スクリーンショット 2020-04-26 12.24.44

from:Google Maps

 この写真で注目して欲しいのは、イギリスとノルウェー、アイルランドです。
 この両国が醸し出す「孤島感」、日本と似ていませんか?

 しかし、イギリスやノルウェーが「あいつらは孤立した国だ!」と罵られているのを見たことがありますか? ありませんよね。
 そうなのです。日本はやたらに「島国で他の国から孤立している」と言われますが、それは厳密に言うと全くの勘違いなのです。

 イギリスだってEUの中で活躍していた時期が多々ありますし、古くから欧州では超大国の1つです。かつてはアメリカと肩を並べて国力を競っていた時期もありました。

 しかしなぜか日本は、現代においても、江戸時代(徳川将軍)の頃にドイツ人博物学者ケンペルの『日本誌』を『鎖国論』として翻訳した人物、志筑忠雄が命名した「鎖国」という言葉に皆が圧倒され、「日本は閉ざされた国だったんだ、孤立していたのだ」と感じていますが、そうではないのです。
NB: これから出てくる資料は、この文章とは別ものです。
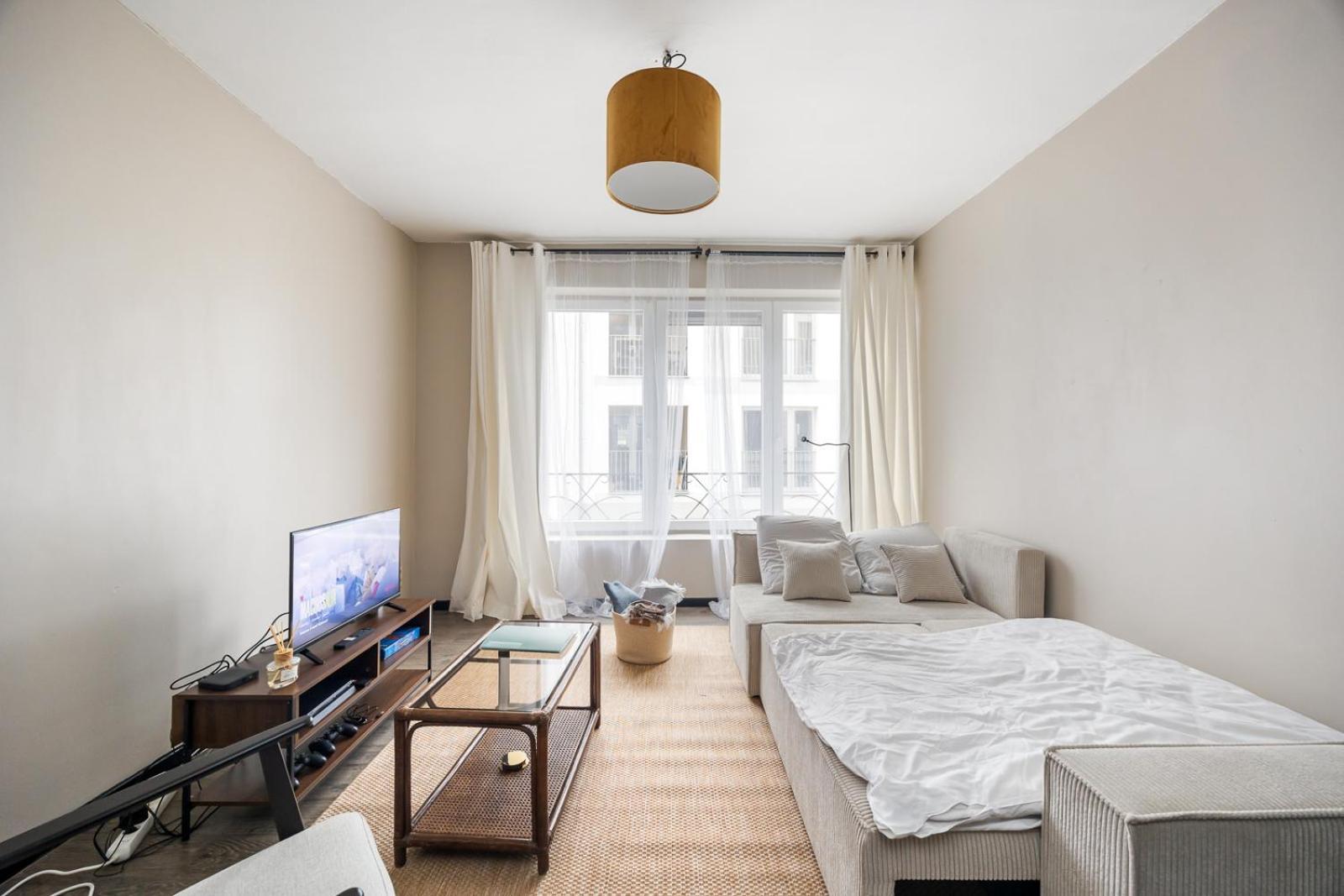 Mubi-Stay - Appartement Chalereux Au Centre Ville D'Anvers Ngoại thất bức ảnh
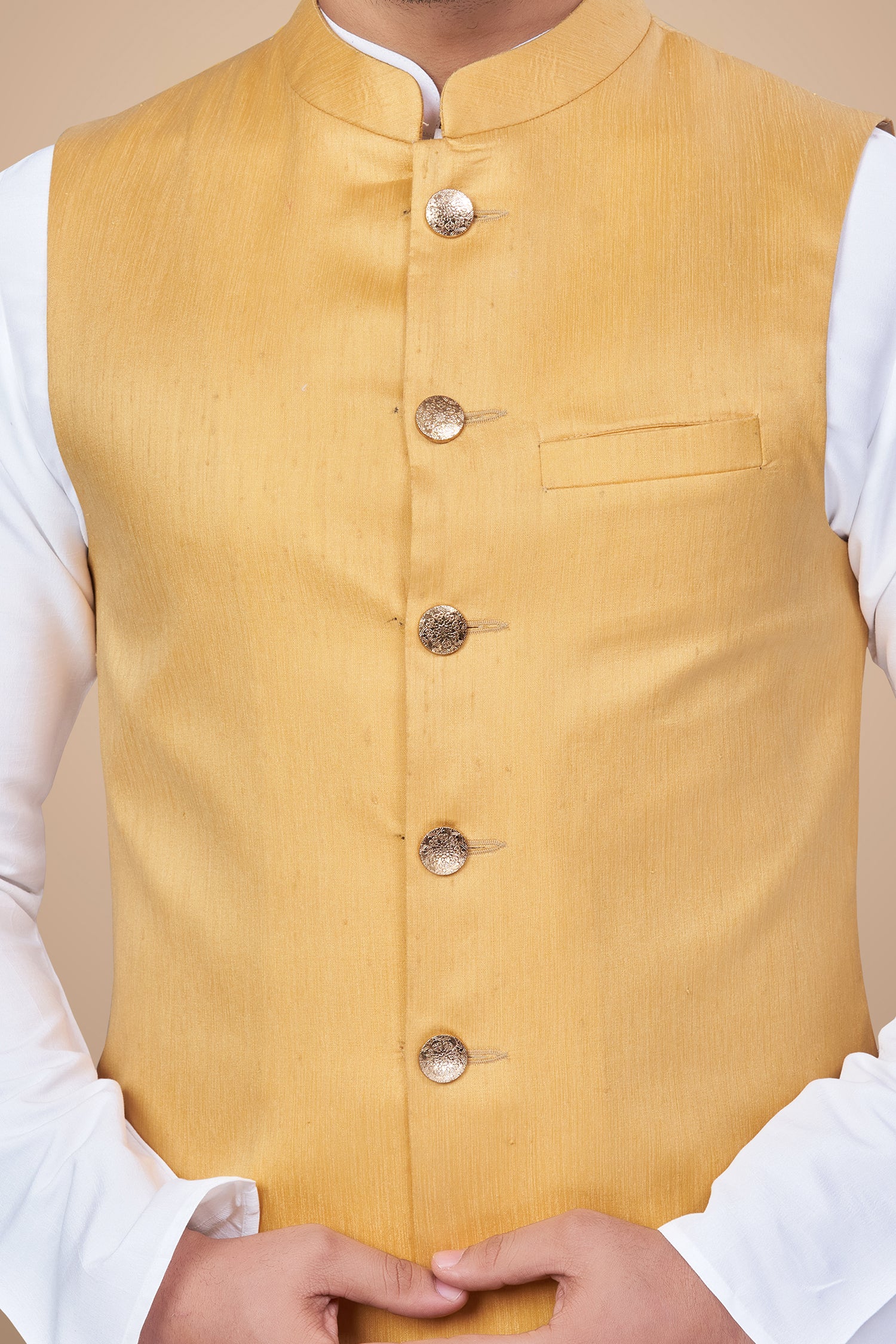 Stunning Yellow Jacket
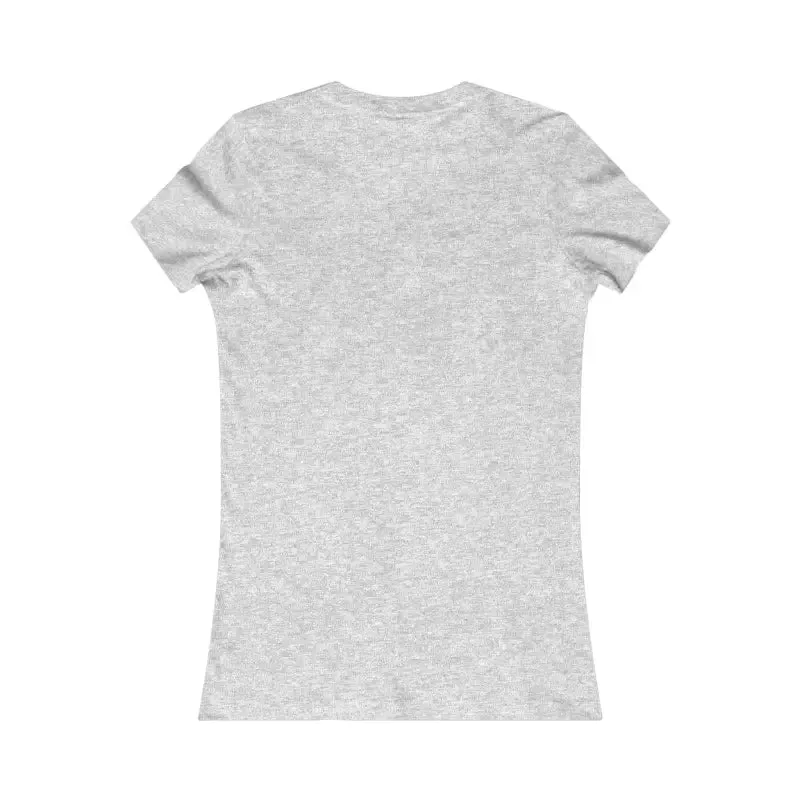 Ultimate Womens Favorite Tee Effortless Chic Comfort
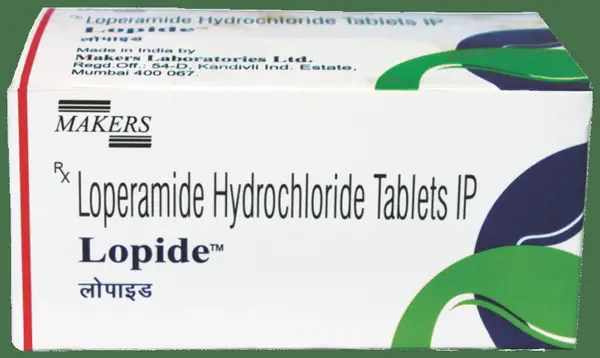 Lopide Tablet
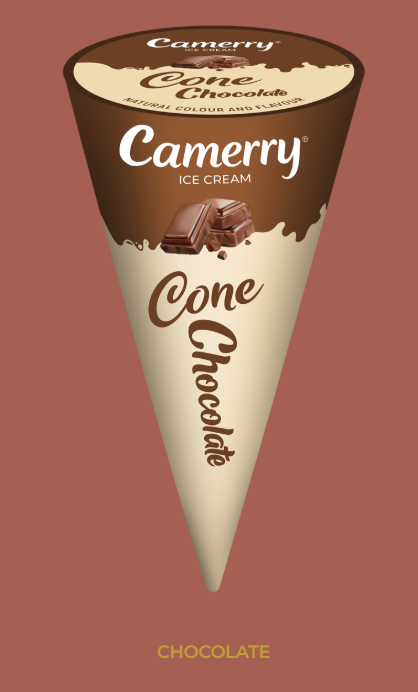 CM Cone Chocolate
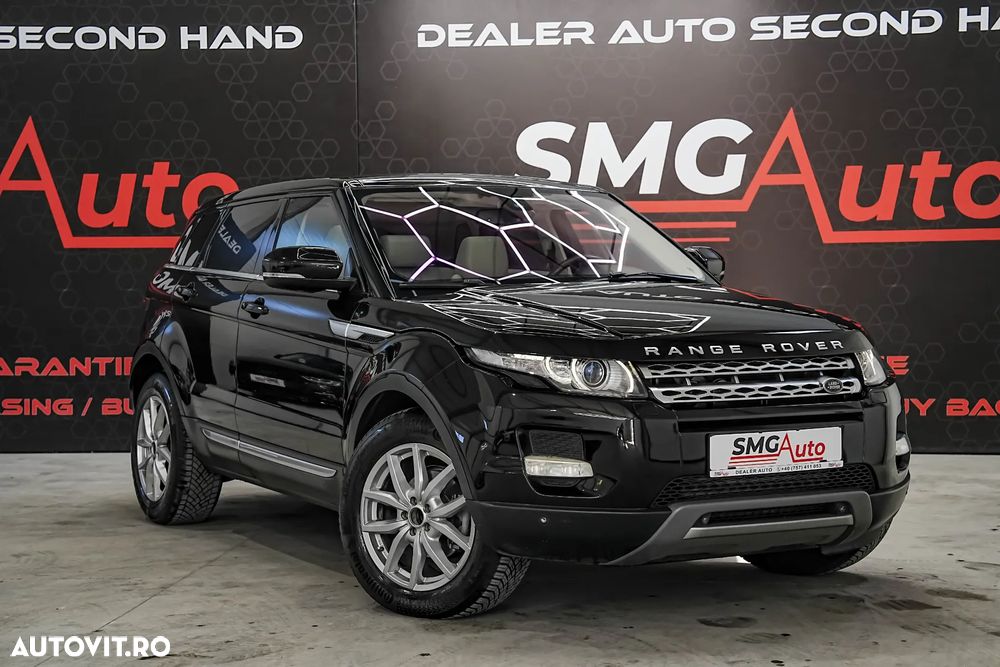 Land Rover Range Rover Evoque - 13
そもそも鎖国されていた江戸時代にも、対オランダ交易や対中国交易は活発に行われていましたし、アイヌや琉球の人々とも、薩摩藩や松前藩を通じて、沢山の交流を行っていました。
 鎖国とは、戦略的な管理型貿易だったのです。

 加えて、先程掲載したGoogle Mapsの地図然り、日本国は島国という点ではイギリスと大差がなく、日本海に関しては、大陸から内海や湾くらいの距離しか離れていないのです。これらの情報を見た後にも尚、日本は島国で周囲から孤立しているので単一民族だ!と言うことができるのでしょうか。

江戸城無血開城の時は、通訳さんが必要だった件

江戸無血開城

from:http://www.ne.jp/asahi/koiwa/hakkei/edokaijyou.html

 かの有名な江戸城無血開城。そこには、通訳さんがいたと言います。

 つまり、当時、西郷隆盛と勝海舟は同じ言語を話していなかったのです。

 私はこの話が大好きで、いつも考えるだけで面白くなるのですが、これだけ国を支えた上層部の人達でも、違う言語を使用していたという事実は、意外過ぎて笑けてくるレベルです。

 逆に言えば、明治維新で、文明開化や産業革命が起こり、国民国家を土台とした日本国が作られたスピードの早さをひしひしと感じています。当時の日本では、少数の学者・有識者が一体となり、一気に、英語やオランダ語をはじめとした言語を日本語に翻訳しました。福澤諭吉先生が「economy」という言葉を「経済」と訳したのは現代でも有名な話です。
 ※余談ですが、だからこそ「慶應経済=ピカん✨」みたいな印象があるのかもしれませんね。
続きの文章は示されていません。